In BART-JES, the summary is conditioned by a chain of emotional words. We can set this chain in inference as a prefix to control the generation (of course, the prefix can later be removed if we only want the generated summary). The following cells illustrate how to do this with a sample from the XSUM corpus.

In [10]:
dataset_name = "xsum"
doc_summ_keys = {
    "document": "document",
    "summary": "summary",
}
version = None

dataset = load_dataset(dataset_name, version=version)

documents = [doc for doc in dataset["test"][doc_summ_keys["document"]]]
ref_summaries = [
    ref_summ for ref_summ in dataset["test"][doc_summ_keys["summary"]]
]

Using custom data configuration default
Reusing dataset xsum (/home/jogonba2/.cache/huggingface/datasets/xsum/default/1.2.0/f9abaabb5e2b2a1e765c25417264722d31877b34ec34b437c53242f6e5c30d6d)


In [None]:
model_name = "jogonba2/bart-JES-xsum"
model = AutoModelForSeq2SeqLM.from_pretrained(model_name)
model.eval()
tokenizer = AutoTokenizer.from_pretrained(model_name)
model_gen_args = copy(generation_hyperparameters[model_name][dataset_name])
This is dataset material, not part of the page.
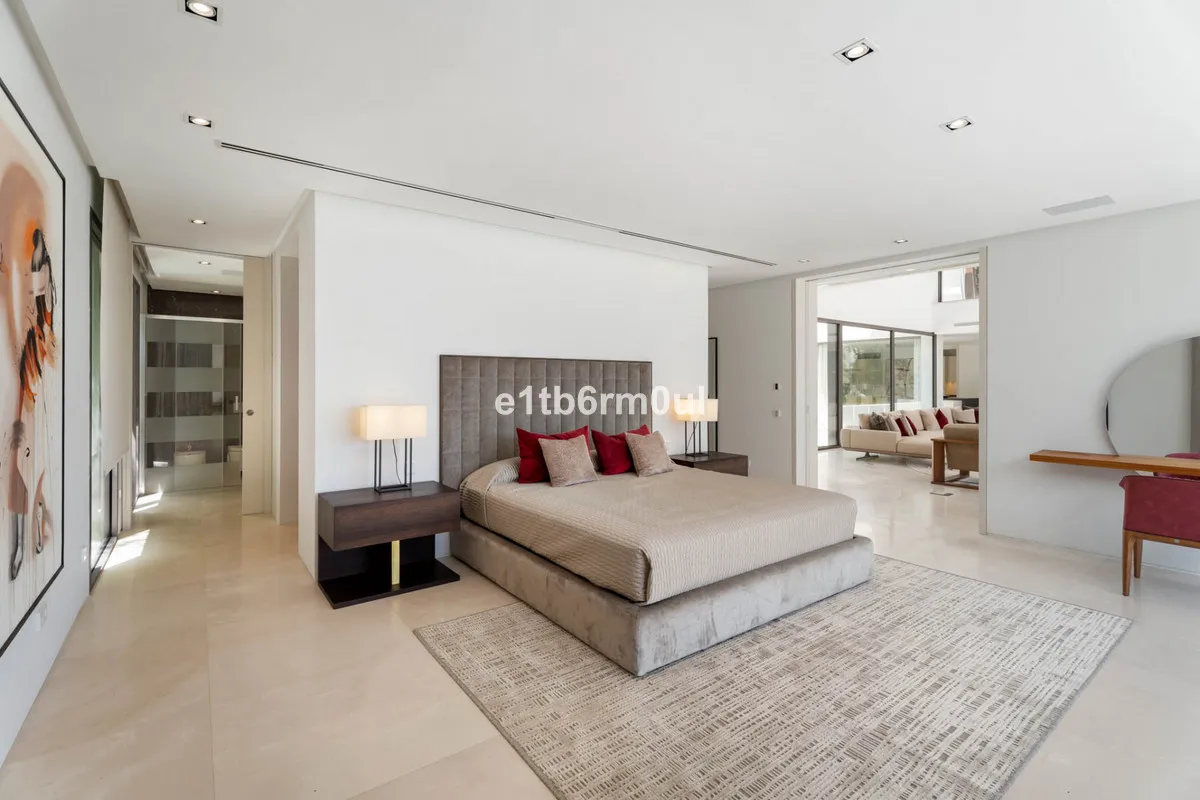 4a2859d0-38e3-44a2-b531-52c46205408e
### Example: Reinforcing Negative Emotion in a Sample with Negative Emotions

In [42]:
idx_example = 110

document, ref_summary = documents[idx_example], ref_summaries[idx_example]
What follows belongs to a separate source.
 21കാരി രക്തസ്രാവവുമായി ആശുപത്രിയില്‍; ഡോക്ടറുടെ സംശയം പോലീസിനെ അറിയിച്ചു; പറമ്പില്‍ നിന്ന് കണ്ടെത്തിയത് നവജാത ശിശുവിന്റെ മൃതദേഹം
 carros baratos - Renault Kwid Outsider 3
uncontrolled_summary = uncontrolled_generation(
    document, tokenizer, model_name, dataset_name
)

emotion_chain = "[emotions] mediocre | bully | harm [summary]"
controlled_summary = controlled_generation(
    document, tokenizer, emotion_chain, model_name, dataset_name
)

display(HTML("<u><h4>Document</h4></u></br></br>%s" % document))

display(HTML("<u><h4>Reference summary</h4></u></br></br>%s" % ref_summary))

display(
    HTML("<u><h4>Generated summary (uncontrolled)</h4></u></br></br>%s" % uncontrolled_summary)
)

display(
    HTML(
        "<u><h4>Generated summary (controlled <font size='2'>using the chain '%s'</font>)</h4></u></br></br>%s"
        % (emotion_chain, controlled_summary)
    )
)

### Example: Reinforcing Positive Emotions in a Sample with Negative Emotions

In [56]:
idx_example = 115

document, ref_summary = documents[idx_example], ref_summaries[idx_example]


uncontrolled_summary = uncontrolled_generation(
    document, tokenizer, model_name, dataset_name
)

emotion_chain = "[emotions] love | hope [summary]"
controlled_summary = controlled_generation(
    document, tokenizer, emotion_chain, model_name, dataset_name
)

display(HTML("<u><h4>Document</h4></u></br></br>%s" % document))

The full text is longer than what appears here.